Yeni ismi ile Myanmar, eskiden bildiğimiz ismi ile Burma’da, son zamanlarda yeni bir demokratikleşme sürecinin heyecanı yaşanıyor. Yıllarca hapis ve ev hapsinde tutulan ve demokrasi sembolü haline gelen muhalefet lideri Aung San Su Çii, nihayet özgürlüğüne kavuştu ve seçime hazırlanıyor. 1962’den beri askeri bir dikta altında yönetilen Burma’da, tüm muhalefet çabaları ve son olarak, 2007’de ‘Safran Devrimi’ bastırılmıştı. Kısa bir süre önce, askerler idareyi sivil bir iktidara bıraktı ve muhalefetin sesini duyurabileceği bir seçim sürecine girildi. Ancak, hikâyenin tamamı bu değil, Burma 1948’de bağımsızlığına kavuştuğundan bu yana, özellikle Kuzey bölgesinde yaşayan farklı etnik gruplar, merkezi yönetime karşı savaşıyorlar. Ülkede demokrasiye geçişin sağlıklı yürümesi için bu sorunun da çözülmesi gerekiyor.
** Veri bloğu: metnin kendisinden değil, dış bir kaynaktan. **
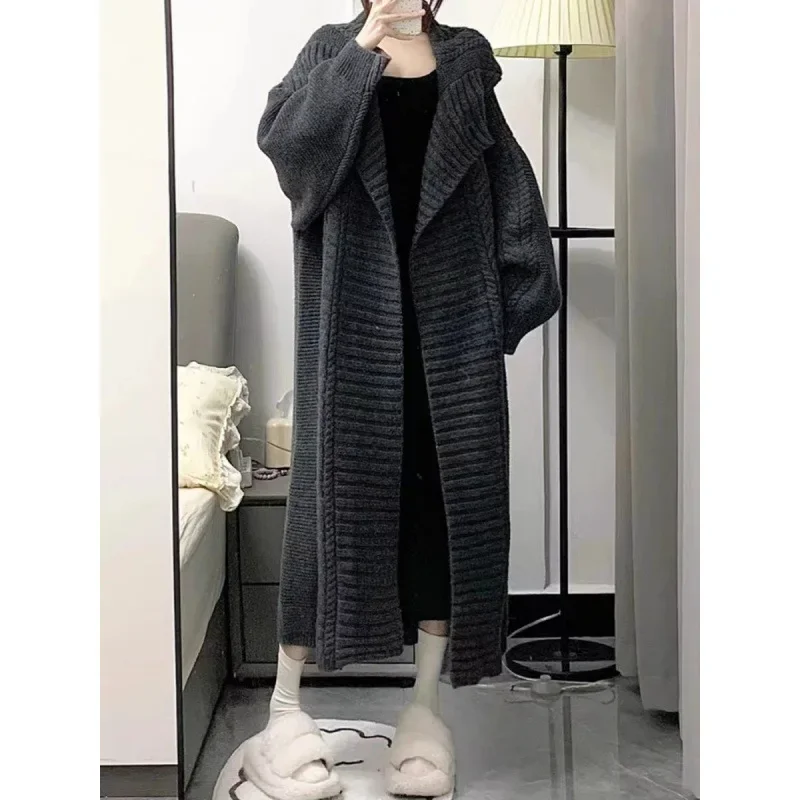 Cardigan tricoté pour femmes, pull Maxi ample et décontracté, manches longues, col rabattu, vestes Y2k, haut, Streetwear, automne hiver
Tam da bu nedenle, seçim sürecinde Kaçin gerillaları ile müzakere başlatıldı. Zira, merkeze karşı savaşan gruplar ile siyasi müzakerelere girişilmeden, tam anlamıyla demokratikleşmenin mümkün olmayacağı biliniyor. Burma’nın bunca zaman direndikten sonra bu noktaya gelmesinin, muhalefet güçlerinin direnişi ile birlikte birçok nedeni var. Giderek artan Çin baskısından kurtulmak ve Burma’yı farklı dış yatırımlara açmak gibi nedenlerden söz ediliyor.

‘Tamil modeli’
2004 yılı sonunda Hint Okyanusu’nda yaşanan ve büyük bir insanlık faciasına neden olan Tsunami felaketi ardından (sekiz ay sonra) Endonezya da, otuz yıldır merkezi yönetime karşı savaşan Açeli gerillalar (GAM-Gerekan Aceh Merdeka) ile Helsinki’de bir anlaşmaya varmıştı. Şimdi, bu hareketin içinden birçok insan demokratik seçimle bölge yönetiminde söz sahibi oldu. Oysa 1998’de Suharto devrildiğinde Açe’nin Endonezya’dan kopacağı tahmini yapılıyordu.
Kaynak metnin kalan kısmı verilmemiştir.